Last week’s mailbag was a smashing success — so let’s attempt to follow that up with another fun one for my second as Managing Editor.

Honestly, I would probably say learning the ins and outs of the Judd Brackett situation before they were made public. That was definitely pretty cool, and happened all at the same time as me taking over as ME. It was helpful knowing what was going to happen before it actually happened because it allowed me to take a step back and plan out a bit of a content strategy around the situation once more details were made public.

I’ve got to go with Phoebe Stecher! I’m a sucker for Bernese Mountain Dogs.

This is a fantastic question and one I’ve given a lot of thought to. It’s 100% Eriksson, but most importantly, it’s not going to be Tyler Myers as I’ve seen some suggest. Here’s why.

First of all there’s the positional need — the Canucks desperately need to improve their blue line, and parting ways with Myers doesn’t accomplish that.

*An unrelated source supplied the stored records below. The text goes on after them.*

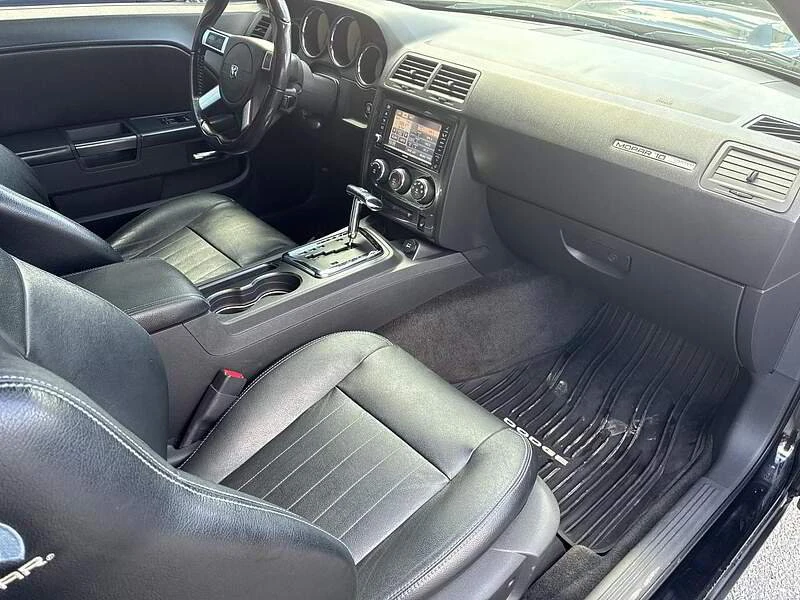 2010 Dodge Challenger 3rd Gen - Image 13 of 14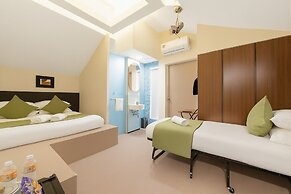 A Hotel Chinatown
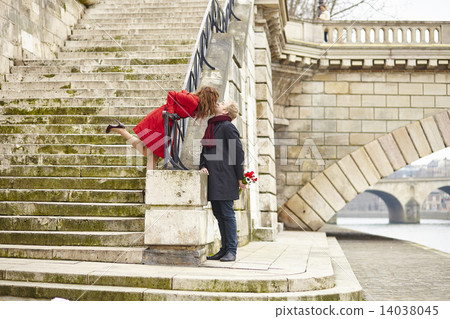 Couple kissing on a Parisian embankment 14038045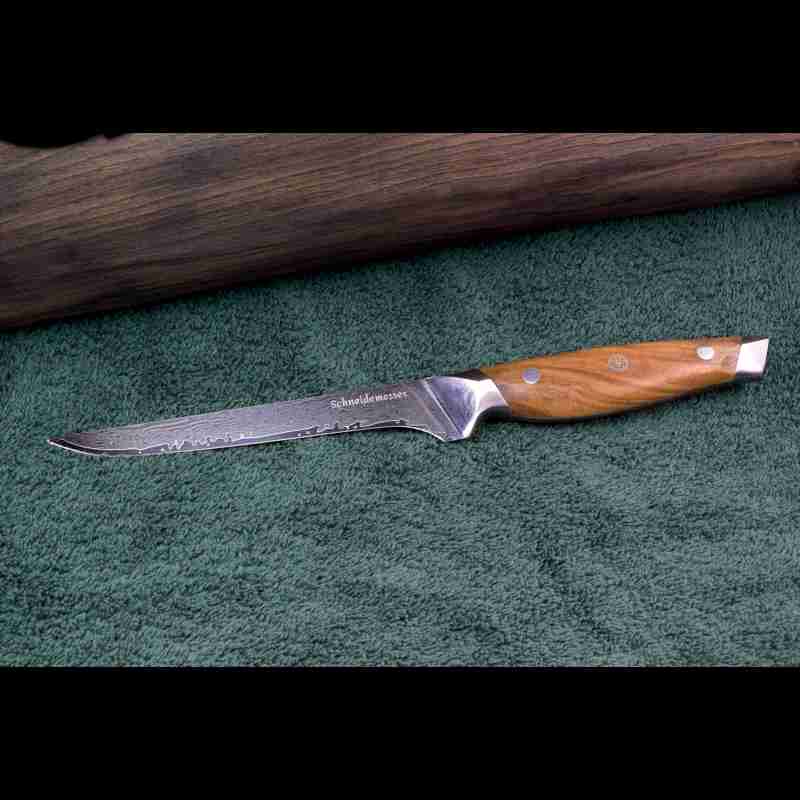 SKeld™ - Schneidemesser Damast Ausbeinmesser mit VG10 Kernstahl, 67 Lagen Damaststahl und Olivenholzgriff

In fact, it’s almost as big of a step backwards as letting Chris Tanev walk and replacing him with Nikita Tryamkin instead!

“But David, you need to look long term!”

Sure, it’s possible, maybe even almost likely that by year four or five of this deal, Myers’ six million dollar cap hit envokes the same unpleasant feeling that Eriksson’s does every time it’s brought up. I get that. But assuming the salary cap still goes up dramatically thanks to the new TV deal when Seattle enters the league, much like it did when Vegas joined, that six million on the cap all of a sudden becomes much more palatable.

And does Myers’ play this season really warrant a buyout after the first year? I’m not convinced, and I know for a fact the organization isn’t convinced. Eriksson, on the other hand, is somebody that both management and fans alike are both incredibly disappointed in.

On a team with players such as Josh Leivo (who, yes, they should certainly re-sign), Zack MacEwen, and prospects like Kole Lind, Nils Hoglander, and Vasili Podkolzin soon to be knocking on the door for an NHL job, keeping Eriksson’s dead weight around doesn’t make much sense.

What I’m saying is that for how little he brings to the team, combined with how many more competent forwards the Canucks already have under contract, Eriksson is the surefire lock to be the Canucks’ choice to buy out if given the opportunity to do so freely.

Great question. As you already know, we’ve got our draft profiles running on the site right now, but for the first time in many years, Canucks fans won’t be interested in who is available in the first two rounds, because the Canucks likely won’t pick until the third round.

To answer this question properly, I reached out to Elite Prospects’ Editor In Chief, J.D. Burke to get his opinion. The names he mentioned were Ethan Edwards, Dmitri Rashevsky, and Cross Hanas.

We will have full, more extensive profiles on these players at a later date, but here’s the initial scouting reports:

Ethan Edwards is a 5’10 165 pound defenceman playing in the AJHL for the Spruce Grove Saints. He is committed to the University of Michigan.

Here’s what Bill Placzek had to say about his game:

Speedy undersized defender with excellent four way edging and high end puck skills and decision-making capabilities. Firmly carries pucks out with head up in transition, and will fight off the opposing team’s stick checks along the way. Has a quick stick defensively. Will funnel pucks towards the net offensively and has a good wrist shot. Putting on weight and may add an inch or two. Developmental prospect with a high ceiling for success or failure. Committed to the University of Michigan.

Dmitri Rashevsky is a 6’1, Russian overage forward who put up 44 goals and 30 assists in the MHL this season.

It’s a little harder to find scouting reports on Rashevsky, but make no mistake, I’ll have an in depth answer about what this player brings when I do his draft profile. From what I can see, he saw a huge jump in production this season compared to last:

Cross Hanas plays in the WHL with the Portland Winterhawks and is a 6’1 LW. He put up 22 goals and 27 assists this season as an 18-year-old.

We will have much more in depth profiles on these players and many more very soon, but for now, keep those names in mind for who the Canucks could target in round three!

I mean, the answer has got to be yes, right? I made a somewhat bold prediction a few months back on Canucks Conversation where I said that MacEwen had played his last AHL game. Now that take doesn’t seem so bold after all.

Benning loves this guy and he has every right to. He plays #TheRightWay and is probably the organization’s biggest success story when it comes to a player who developed in Utica. He’s a better option than Eriksson on the fourth line, that’s for sure.

The logjam of forwards might be a cause for concern, but I can see MacEwen taking any opportunity the organization gives him and run with it.

And you know for a fact that they’ll give him that opportunity.

It’s got to be the Seattle Murder Hornets, right? In all seriousness, I’ve heard that it’s either going to be Kraken, Totems, or the Sockeyes, and out of those three, I think Sockeyes is probably best.

That being said, they will certainly be an immediate rival for the Canucks, so I kind of hope they go with Kraken. The nicknames that Canucks fans could come up with for Seattle fans would be legendary.

There’s been a lot of talk about what the Canucks’ lineup would look like if and when the season returns.

It would be the first time they’d have Leivo, Toffoli, and Boeser healthy and in the lineup at the same time. Those are three very solid wingers on the right side, and they help give the Canucks a legitimate top 9 forward group.

Three effective scoring lines — something Edmonton and Calgary don’t really have.

That just about wraps up this week’s mailbag! Thank you to everyone who asked a question.